Predictive Analytics with Spark in Azure HDInsight Interview Questions and Answers

Q1 : What are the various programming languages supported by Spark?

A : Though Spark is written in Scala, it lets the users code in various languages such as:

  • Scala
  • Java
  • Python
  • R (Using SparkR)
  • SQL (Using SparkSQL)

Also, by the way of piping the data via other commands, we should be able to use all kinds of programming languages or binaries.

Q2 : What are the various storages from which Spark can read data?

A : Spark has been designed to process data from various sources. So, whether you want to process data stored in HDFS, Cassandra, EC2, Hive, HBase, and Alluxio (previously Tachyon). Also, it can read data from any system that supports any Hadoop data source.

Q3 : What are the various libraries available on top of Apache Spark?

A : Spark powers a stack of libraries including SQL and DataFrames, MLlib for machine learning, GraphX and Spark Streaming. You can combine these libraries seamlessly in the same application.

  • MLlib: It is machine learning library provided by Spark. It basically has all the algorithms that internal are wired to use Spark Core (RDD Operations) and the data structures required. For example, it provides ways to translate the Matrix into RDD and recommendation algorithms into sequences of transformations and actions. MLLib provides the machine learning algorithms that can run parallelly on many computers.
  • GraphX: GraphX provides libraries which help in manipulating huge graph data structures. It converts graphs into RDD internally. Various algorithms such PageRank on graphs are internally converted into operations on RDD.
  • Spark Streaming: It is a very simple library that listens on unbounded data sets or the datasets where data is continuously flowing. The processing pauses and waits for data to come if the source isn’t providing data. This library converts the incoming data streaming into RDDs for the “n” seconds collected data aka batch of data and then run the provided operations on the RDDs.
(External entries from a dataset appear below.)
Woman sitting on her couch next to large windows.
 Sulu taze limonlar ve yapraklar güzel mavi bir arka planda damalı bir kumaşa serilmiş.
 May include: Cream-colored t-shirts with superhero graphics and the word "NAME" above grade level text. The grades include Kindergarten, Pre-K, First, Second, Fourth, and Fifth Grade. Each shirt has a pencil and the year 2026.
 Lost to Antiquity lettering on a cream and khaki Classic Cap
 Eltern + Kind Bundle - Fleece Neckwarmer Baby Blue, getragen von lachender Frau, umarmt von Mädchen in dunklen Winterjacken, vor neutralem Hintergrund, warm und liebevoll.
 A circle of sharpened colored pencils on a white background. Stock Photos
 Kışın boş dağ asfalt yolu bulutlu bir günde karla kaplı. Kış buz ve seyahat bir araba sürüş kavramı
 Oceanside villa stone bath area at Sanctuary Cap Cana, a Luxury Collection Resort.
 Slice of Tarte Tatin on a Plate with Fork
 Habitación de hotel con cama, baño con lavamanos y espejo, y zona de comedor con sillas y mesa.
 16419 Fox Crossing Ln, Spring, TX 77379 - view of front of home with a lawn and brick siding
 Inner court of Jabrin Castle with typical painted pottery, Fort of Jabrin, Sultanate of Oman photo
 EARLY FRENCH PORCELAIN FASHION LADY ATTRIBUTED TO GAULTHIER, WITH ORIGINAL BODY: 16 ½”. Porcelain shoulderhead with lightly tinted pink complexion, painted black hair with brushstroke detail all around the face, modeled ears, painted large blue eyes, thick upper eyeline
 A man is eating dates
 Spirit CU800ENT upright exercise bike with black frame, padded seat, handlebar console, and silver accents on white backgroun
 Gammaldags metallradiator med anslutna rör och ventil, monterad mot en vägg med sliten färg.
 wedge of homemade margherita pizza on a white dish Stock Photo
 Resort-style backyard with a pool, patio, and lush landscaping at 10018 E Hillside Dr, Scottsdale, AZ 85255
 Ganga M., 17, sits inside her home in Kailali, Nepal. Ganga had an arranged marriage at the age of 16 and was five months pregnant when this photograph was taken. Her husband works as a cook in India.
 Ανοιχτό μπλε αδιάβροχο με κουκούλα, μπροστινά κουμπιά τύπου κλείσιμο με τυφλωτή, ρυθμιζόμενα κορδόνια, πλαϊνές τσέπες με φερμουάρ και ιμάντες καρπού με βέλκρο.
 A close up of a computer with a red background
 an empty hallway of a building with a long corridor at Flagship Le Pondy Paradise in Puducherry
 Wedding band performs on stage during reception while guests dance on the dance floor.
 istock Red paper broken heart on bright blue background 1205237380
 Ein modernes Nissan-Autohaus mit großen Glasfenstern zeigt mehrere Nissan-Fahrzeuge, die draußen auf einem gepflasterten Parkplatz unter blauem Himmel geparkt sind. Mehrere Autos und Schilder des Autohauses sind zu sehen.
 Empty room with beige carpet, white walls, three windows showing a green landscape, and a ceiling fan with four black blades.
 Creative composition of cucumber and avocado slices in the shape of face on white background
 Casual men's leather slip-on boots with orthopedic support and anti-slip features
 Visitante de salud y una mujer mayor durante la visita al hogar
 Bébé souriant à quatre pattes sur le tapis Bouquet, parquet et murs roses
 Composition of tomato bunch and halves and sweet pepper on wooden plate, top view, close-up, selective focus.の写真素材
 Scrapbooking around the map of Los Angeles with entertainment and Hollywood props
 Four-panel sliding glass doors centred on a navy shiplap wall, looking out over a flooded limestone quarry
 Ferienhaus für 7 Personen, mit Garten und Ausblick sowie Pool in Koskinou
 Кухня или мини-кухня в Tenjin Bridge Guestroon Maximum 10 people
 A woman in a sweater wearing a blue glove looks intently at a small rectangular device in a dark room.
Q4 : What is sparkContext?

A : SparkContext is the entry point to Spark. Using sparkContext you create RDDs which provided various ways of churning data.

Q5 : What do we mean by Paraquet?

A : Apache Paraquet is a columnar format for storage of data available in Hadoop ecosystem. It is space efficient storage format which can be used in any programming language and framework.

Apache Spark supports reading and writing data in Paraquet format.

Q6 :What does map transformation do? Provide an example.

Map transformation on an RDD produces another RDD by translating each element. It translates each element by executing the function provided by the user.